TASK TO COMPLETE =
The entries below are to be printed again word for word.

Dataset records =
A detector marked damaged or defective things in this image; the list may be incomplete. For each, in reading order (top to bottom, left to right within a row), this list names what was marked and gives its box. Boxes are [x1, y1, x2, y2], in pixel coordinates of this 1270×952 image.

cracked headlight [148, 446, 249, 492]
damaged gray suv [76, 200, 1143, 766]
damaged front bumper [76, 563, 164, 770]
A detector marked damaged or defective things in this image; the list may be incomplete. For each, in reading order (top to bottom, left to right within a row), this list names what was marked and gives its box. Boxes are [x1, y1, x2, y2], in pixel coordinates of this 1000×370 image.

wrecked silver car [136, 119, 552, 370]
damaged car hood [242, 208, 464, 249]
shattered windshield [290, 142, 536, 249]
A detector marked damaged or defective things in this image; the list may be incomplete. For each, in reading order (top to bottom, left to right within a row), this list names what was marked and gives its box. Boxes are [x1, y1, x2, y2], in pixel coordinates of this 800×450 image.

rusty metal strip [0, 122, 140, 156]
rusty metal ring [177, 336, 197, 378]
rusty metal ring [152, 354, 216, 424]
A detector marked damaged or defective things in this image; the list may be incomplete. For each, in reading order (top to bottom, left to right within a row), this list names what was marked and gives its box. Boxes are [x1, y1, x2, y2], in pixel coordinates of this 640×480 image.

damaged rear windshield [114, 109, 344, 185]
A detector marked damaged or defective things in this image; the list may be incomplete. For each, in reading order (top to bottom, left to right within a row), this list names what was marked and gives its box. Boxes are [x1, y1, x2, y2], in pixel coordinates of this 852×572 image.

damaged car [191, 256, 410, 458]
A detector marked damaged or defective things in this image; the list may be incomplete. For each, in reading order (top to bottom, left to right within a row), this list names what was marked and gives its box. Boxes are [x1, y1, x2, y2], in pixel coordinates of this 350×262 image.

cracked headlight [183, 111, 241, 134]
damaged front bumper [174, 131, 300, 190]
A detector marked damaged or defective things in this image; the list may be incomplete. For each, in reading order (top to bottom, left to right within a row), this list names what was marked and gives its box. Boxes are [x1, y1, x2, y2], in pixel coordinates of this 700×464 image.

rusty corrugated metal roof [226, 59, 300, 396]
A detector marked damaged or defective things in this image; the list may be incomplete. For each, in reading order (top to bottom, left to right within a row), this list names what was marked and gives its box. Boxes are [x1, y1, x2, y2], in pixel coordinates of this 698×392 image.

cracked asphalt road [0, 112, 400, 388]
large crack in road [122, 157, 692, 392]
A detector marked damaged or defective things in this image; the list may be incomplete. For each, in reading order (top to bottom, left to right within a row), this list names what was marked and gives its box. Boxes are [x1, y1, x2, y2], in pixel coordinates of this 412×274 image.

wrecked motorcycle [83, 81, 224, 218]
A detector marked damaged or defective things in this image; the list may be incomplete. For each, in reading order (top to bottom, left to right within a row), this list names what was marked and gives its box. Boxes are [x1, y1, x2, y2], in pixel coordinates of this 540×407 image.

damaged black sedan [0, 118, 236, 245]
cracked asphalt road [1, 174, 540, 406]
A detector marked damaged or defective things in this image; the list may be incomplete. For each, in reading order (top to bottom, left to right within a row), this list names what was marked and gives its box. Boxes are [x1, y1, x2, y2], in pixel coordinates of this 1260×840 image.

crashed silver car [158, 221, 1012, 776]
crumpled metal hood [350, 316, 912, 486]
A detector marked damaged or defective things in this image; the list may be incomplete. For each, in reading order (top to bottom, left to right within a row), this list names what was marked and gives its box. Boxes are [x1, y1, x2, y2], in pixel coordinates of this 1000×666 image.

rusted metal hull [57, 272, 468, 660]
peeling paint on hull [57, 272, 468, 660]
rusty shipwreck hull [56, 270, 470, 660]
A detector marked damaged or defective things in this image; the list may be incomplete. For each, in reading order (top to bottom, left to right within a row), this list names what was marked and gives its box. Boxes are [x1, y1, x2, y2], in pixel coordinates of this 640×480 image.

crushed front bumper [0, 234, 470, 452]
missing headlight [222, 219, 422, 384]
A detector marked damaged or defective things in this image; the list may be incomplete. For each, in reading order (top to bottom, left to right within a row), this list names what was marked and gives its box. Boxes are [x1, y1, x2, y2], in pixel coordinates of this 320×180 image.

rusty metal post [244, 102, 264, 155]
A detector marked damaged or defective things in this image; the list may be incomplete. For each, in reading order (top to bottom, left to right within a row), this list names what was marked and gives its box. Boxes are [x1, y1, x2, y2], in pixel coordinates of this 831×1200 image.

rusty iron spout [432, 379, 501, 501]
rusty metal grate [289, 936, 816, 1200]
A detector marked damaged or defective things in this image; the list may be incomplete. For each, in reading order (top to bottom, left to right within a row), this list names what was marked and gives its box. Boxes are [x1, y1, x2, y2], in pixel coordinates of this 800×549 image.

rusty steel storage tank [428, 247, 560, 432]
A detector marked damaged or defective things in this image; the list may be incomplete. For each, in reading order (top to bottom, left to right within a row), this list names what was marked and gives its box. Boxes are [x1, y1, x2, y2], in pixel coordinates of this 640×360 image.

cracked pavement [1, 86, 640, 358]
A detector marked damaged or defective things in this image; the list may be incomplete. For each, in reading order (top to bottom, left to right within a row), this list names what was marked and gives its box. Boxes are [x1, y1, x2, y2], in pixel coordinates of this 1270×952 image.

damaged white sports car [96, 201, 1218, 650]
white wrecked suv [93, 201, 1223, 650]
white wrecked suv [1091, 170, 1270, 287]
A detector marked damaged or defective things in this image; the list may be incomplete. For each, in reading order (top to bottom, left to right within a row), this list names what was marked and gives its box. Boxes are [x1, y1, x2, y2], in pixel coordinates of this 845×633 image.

TASK SOLUTION =
A detector marked damaged or defective things in this image; the list may be incomplete. For each, in reading order (top to bottom, left to right within a row), this list names what was marked and gives its box. Boxes are [x1, y1, x2, y2], in pixel coordinates of this 1270×952 image.

cracked headlight [148, 446, 249, 492]
damaged gray suv [76, 200, 1143, 766]
damaged front bumper [76, 563, 164, 770]
A detector marked damaged or defective things in this image; the list may be incomplete. For each, in reading order (top to bottom, left to right within a row), this list names what was marked and gives its box. Boxes are [x1, y1, x2, y2], in pixel coordinates of this 1000×370 image.

wrecked silver car [136, 119, 552, 370]
damaged car hood [242, 208, 464, 249]
shattered windshield [290, 142, 536, 249]
A detector marked damaged or defective things in this image; the list may be incomplete. For each, in reading order (top to bottom, left to right within a row), this list names what was marked and gives its box. Boxes are [x1, y1, x2, y2], in pixel coordinates of this 800×450 image.

rusty metal strip [0, 122, 140, 156]
rusty metal ring [177, 336, 197, 378]
rusty metal ring [152, 354, 216, 424]
A detector marked damaged or defective things in this image; the list may be incomplete. For each, in reading order (top to bottom, left to right within a row), this list names what was marked and gives its box. Boxes are [x1, y1, x2, y2], in pixel coordinates of this 640×480 image.

damaged rear windshield [114, 109, 344, 185]
A detector marked damaged or defective things in this image; the list may be incomplete. For each, in reading order (top to bottom, left to right within a row), this list names what was marked and gives its box. Boxes are [x1, y1, x2, y2], in pixel coordinates of this 852×572 image.

damaged car [191, 256, 410, 458]
A detector marked damaged or defective things in this image; the list may be incomplete. For each, in reading order (top to bottom, left to right within a row), this list names what was marked and gives its box. Boxes are [x1, y1, x2, y2], in pixel coordinates of this 350×262 image.

cracked headlight [183, 111, 241, 134]
damaged front bumper [174, 131, 300, 190]
A detector marked damaged or defective things in this image; the list may be incomplete. For each, in reading order (top to bottom, left to right within a row), this list names what was marked and gives its box. Boxes are [x1, y1, x2, y2], in pixel coordinates of this 700×464 image.

rusty corrugated metal roof [226, 59, 300, 396]
A detector marked damaged or defective things in this image; the list may be incomplete. For each, in reading order (top to bottom, left to right within a row), this list names what was marked and gives its box. Boxes are [x1, y1, x2, y2], in pixel coordinates of this 698×392 image.

cracked asphalt road [0, 112, 400, 388]
large crack in road [122, 157, 692, 392]
A detector marked damaged or defective things in this image; the list may be incomplete. For each, in reading order (top to bottom, left to right within a row), this list names what was marked and gives its box. Boxes are [x1, y1, x2, y2], in pixel coordinates of this 412×274 image.

wrecked motorcycle [83, 81, 224, 218]
A detector marked damaged or defective things in this image; the list may be incomplete. For each, in reading order (top to bottom, left to right within a row), this list names what was marked and gives its box. Boxes are [x1, y1, x2, y2], in pixel coordinates of this 540×407 image.

damaged black sedan [0, 118, 236, 245]
cracked asphalt road [1, 174, 540, 406]
A detector marked damaged or defective things in this image; the list may be incomplete. For each, in reading order (top to bottom, left to right within a row), this list names what was marked and gives its box. Boxes are [x1, y1, x2, y2], in pixel coordinates of this 1260×840 image.

crashed silver car [158, 221, 1012, 776]
crumpled metal hood [350, 316, 912, 486]
A detector marked damaged or defective things in this image; the list may be incomplete. For each, in reading order (top to bottom, left to right within a row), this list names what was marked and gives its box. Boxes are [x1, y1, x2, y2], in pixel coordinates of this 1000×666 image.

rusted metal hull [57, 272, 468, 660]
peeling paint on hull [57, 272, 468, 660]
rusty shipwreck hull [56, 270, 470, 660]
A detector marked damaged or defective things in this image; the list may be incomplete. For each, in reading order (top to bottom, left to right within a row), this list names what was marked and gives its box. Boxes are [x1, y1, x2, y2], in pixel coordinates of this 640×480 image.

crushed front bumper [0, 234, 470, 452]
missing headlight [222, 219, 422, 384]
A detector marked damaged or defective things in this image; the list may be incomplete. For each, in reading order (top to bottom, left to right within a row), this list names what was marked and gives its box. Boxes are [x1, y1, x2, y2], in pixel coordinates of this 320×180 image.

rusty metal post [244, 102, 264, 155]
A detector marked damaged or defective things in this image; the list may be incomplete. For each, in reading order (top to bottom, left to right within a row), this list names what was marked and gives its box. Boxes are [x1, y1, x2, y2], in pixel coordinates of this 831×1200 image.

rusty iron spout [432, 379, 501, 501]
rusty metal grate [289, 936, 816, 1200]
A detector marked damaged or defective things in this image; the list may be incomplete. For each, in reading order (top to bottom, left to right within a row), this list names what was marked and gives its box. Boxes are [x1, y1, x2, y2], in pixel coordinates of this 800×549 image.

rusty steel storage tank [428, 247, 560, 432]
A detector marked damaged or defective things in this image; the list may be incomplete. For each, in reading order (top to bottom, left to right within a row), this list names what was marked and gives its box. Boxes are [x1, y1, x2, y2], in pixel coordinates of this 640×360 image.

cracked pavement [1, 86, 640, 358]
A detector marked damaged or defective things in this image; the list may be incomplete. For each, in reading order (top to bottom, left to right within a row), this list names what was marked and gives its box. Boxes are [x1, y1, x2, y2], in pixel coordinates of this 1270×952 image.

damaged white sports car [96, 201, 1218, 650]
white wrecked suv [93, 201, 1223, 650]
white wrecked suv [1091, 170, 1270, 287]
A detector marked damaged or defective things in this image; the list may be incomplete. For each, in reading order (top to bottom, left to right within a row), this list names what was marked and gives its box. Boxes are [x1, y1, x2, y2], in pixel coordinates of this 845×633 image.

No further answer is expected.